Lloyd Harischandra

Lloyd designs the backend data architecture determining the solutions for ingesting and querying data at the AAO-Macquarie. He configures and manages the database cluster (we call it the data lake!) and does benchmarking on the node configuration against current popular database technologies as required. He also writes backend software code to ingest and query data in and out of the data lake.

Lloyd possess over 12 years of experience as a software/data engineer.

The speaker's profile picture

Affiliation – Australian Astronomical Optics - Macquarie University Position – Data Scientist Twitter – @Llo_y_d

Talks

Realtime Data Transferring and Processing from Remote Telescopes Using Apache NiFi and MongoDB

Data central at AAO-MQ provides data archiving and hosting solutions to several external telescopes such as Anglo Australian Telescope(AAT) and Huntsman Telephoto Array in Australia. Up until recently AAT raw data had been manually processed and transported to be archived at AAO-MQ for the astronomical community to access. This was time consuming and took extra resources to manage the data flow. In this talk, we will discuss how we automated the data transfer and archiving using Apache NiFi and MongoDB resulting in raw data being available for the astronomers to query in real-time as they are produced by the telescope.
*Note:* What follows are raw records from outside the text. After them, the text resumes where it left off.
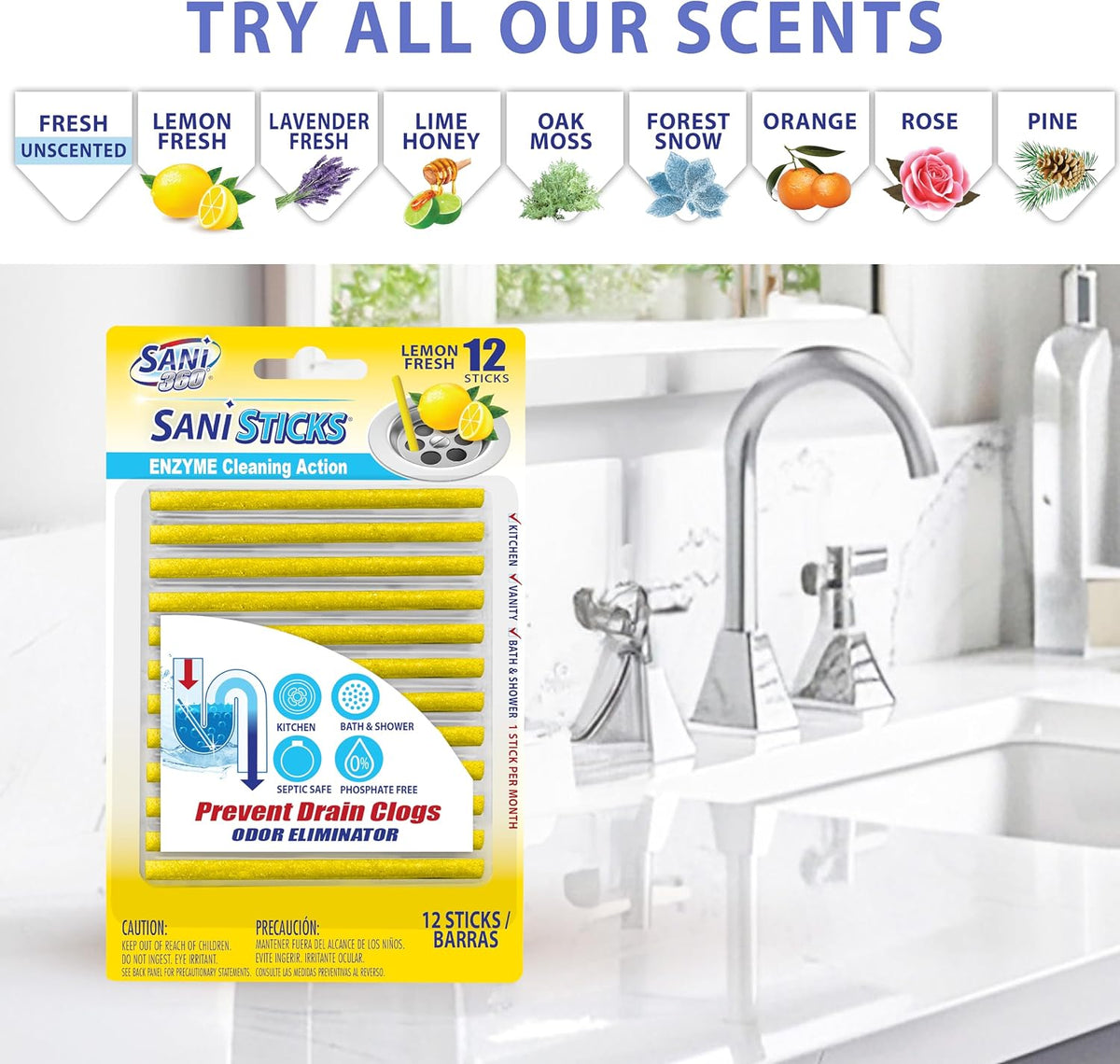° Sani Sticks Drain Cleaner and Deodorizer, 24 Sticks, Lemon Scent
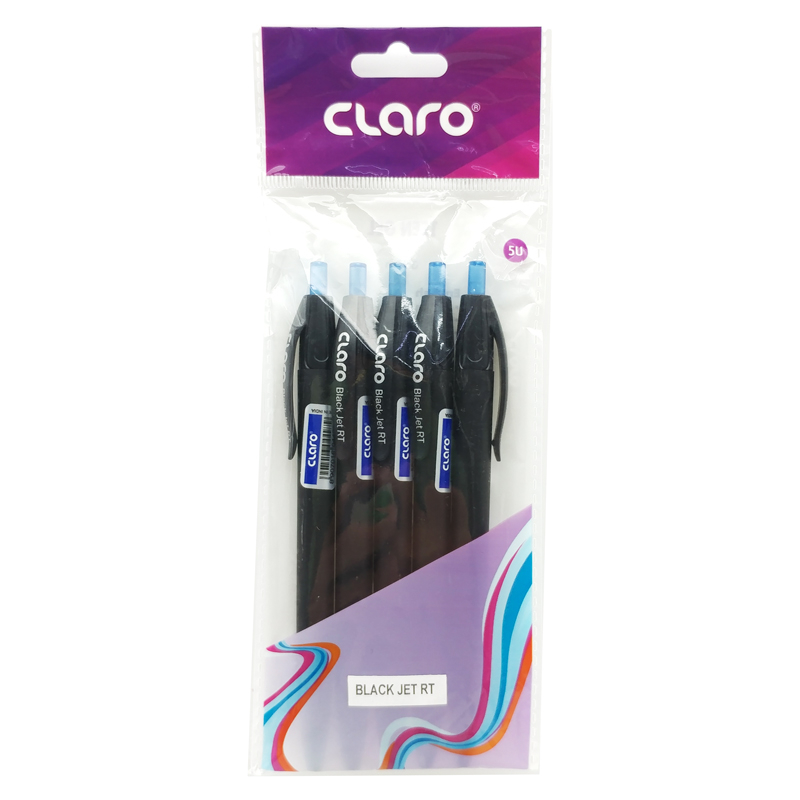 Combo 5 Cây Bút bi Claro BLACK JET RT 0.7mm Mực Xanh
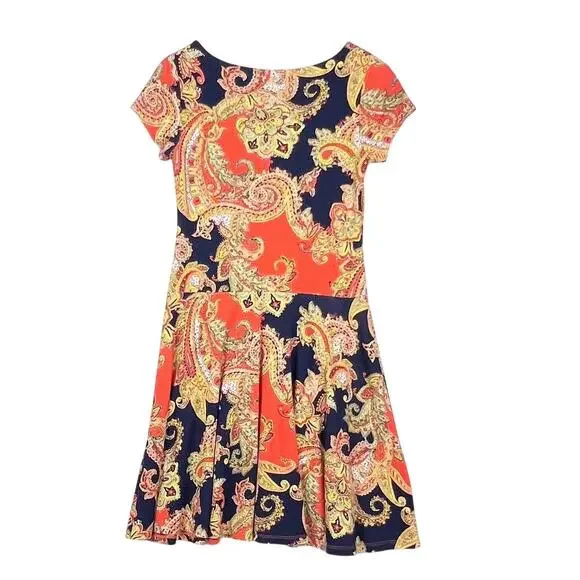 Ralph Lauren Jersey Paisley Orange Navy Blue Fit and Flare Dress Petite Small - Picture 3 of 9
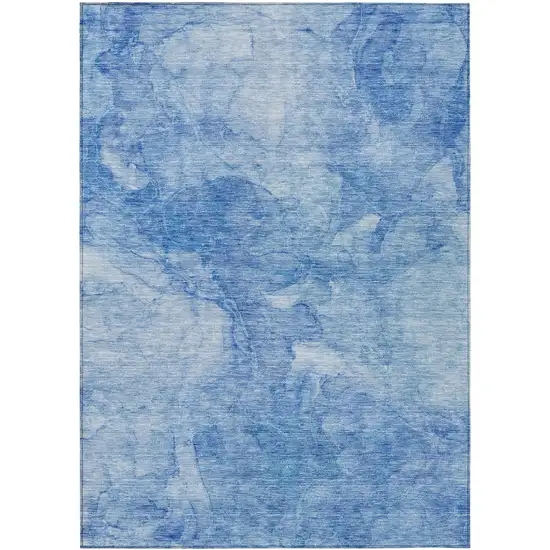 Denim Blue And Sky Blue Nautical Washable Indoor Outdoor Area Rug Photo 2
We examine the usability, flexibility and scalability of Apache NiFi and various processors and controllers available to collect, process and move data across multiple data points. We will discuss great features available in NiFi especially for data provenance, guaranteed delivery and loss tolerance. We will also discuss what flow files and flow templates are, the role of the Data Flow Manager and how to schedule processors. In addition to that we will show you how to secure site-to-site data transferring and utilise NiFi clustering to balance the load.

Lastly we will show how survey teams can write their custom data processing tasks and data reduction pipelines in their favourite language(Python, R etc.) and integrate them into the data flow to be automatically processed and ingested into their favourite data stores for further processing or public availability.